As measured at the U.S. Geological Survey’s Eureka Gage, the Nov. 8 flood event was the 10th-largest flood of the Meramec River on record since 1904.

“When the flood happened, it was an opportunity to apply the course material to study a significant regional event in real time,” said Alex Bradley, ​an associate professor of earth, environmental and planetary sciences in Arts & Sciences and a director of the Geospatial Research Initiative at WashU, who co-teaches the geospatial class with Bill Winston, a geospatial technology specialist and programmer. 

Students in the class learn how to make high-precision position measurements; how to collect and analyze light detection and ranging (lidar) data; and how to use drones to collect very high-resolution imagery. 

For Crothers, an earth science major with a minor in math, both in Arts & Sciences, one of the most exciting parts of the day was the opportunity to fly the “big drone,” WashU’s newest unmanned aerial vehicle or UAV, a Quantum Trinity F90+, with a Micasense Altum-PT multispectral camera. 
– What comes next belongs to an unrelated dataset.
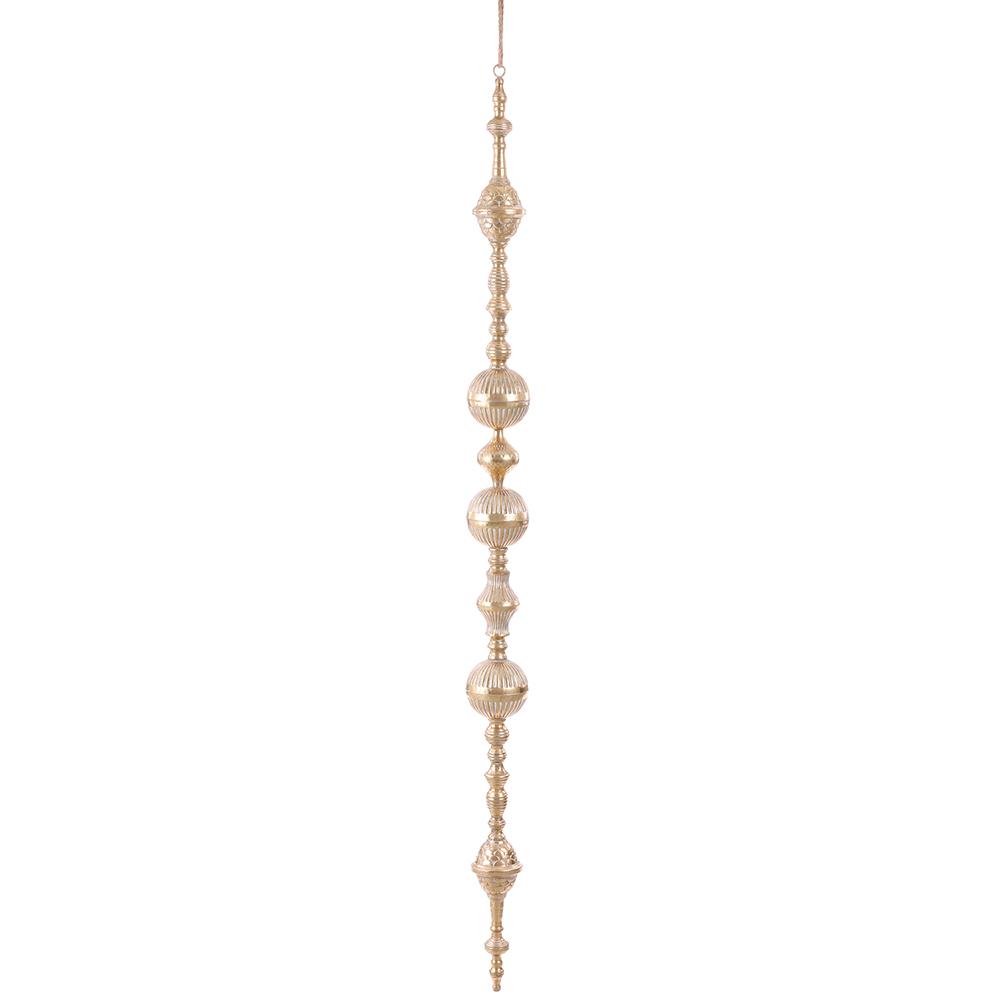 69.5"  Metal Finial Ornament - Gold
“We had to think about the whole process, and not just the small pieces,” Crothers said.

UAV imagery
A composite of more than 1,700 photos of the Meramec River taken by UAV near Tyson Research Center Nov. 8. The false color highlights the contrast between vegetation and water.
flooding comparison
Contrasting views of the Meramec River on Nov. 1 and Nov. 7. (Image: Planet/Jed Dale)

The sorts of data Crothers and her classmates collected at the Meramec River can be valuable in understanding the extent and damage of flooding and in assessing future risks. 

Future redeployments of the WashU drone might help researchers observe how the landscape recovers from the flooding.

“This flood was large enough that we would expect there to be significant channel change in response to it,” said Claire Masteller, an assistant professor of earth, environmental and planetary sciences in Arts & Sciences, who also participated in the mapping excursion.

“Determining the extent of channel change from a flood of this size has important implications for infrastructure and river management, as this degree of inundation happens relatively frequently compared to the most extreme floods on record,” Masteller said. “We’d classify this event as a flood with a 10-year recurrence interval, or an event with a 10% probability of occurring each year.”

Crothers said that it took the class about an hour to fly the drone to survey this section of the Meramec River near Eureka, Mo.

Back on campus, the students will continue to work with the data that they collected over the next few weeks.

“One goal at the Meramec River was for students to get experience deploying these techniques in the real world in response to an emergent problem,” Bradley said.

“We learn technical skills on campus in a pretty controlled environment, but things can always go wrong in the field,” Bradley said. “EEPS students get a lot of practice at applying classroom skills to the real world.”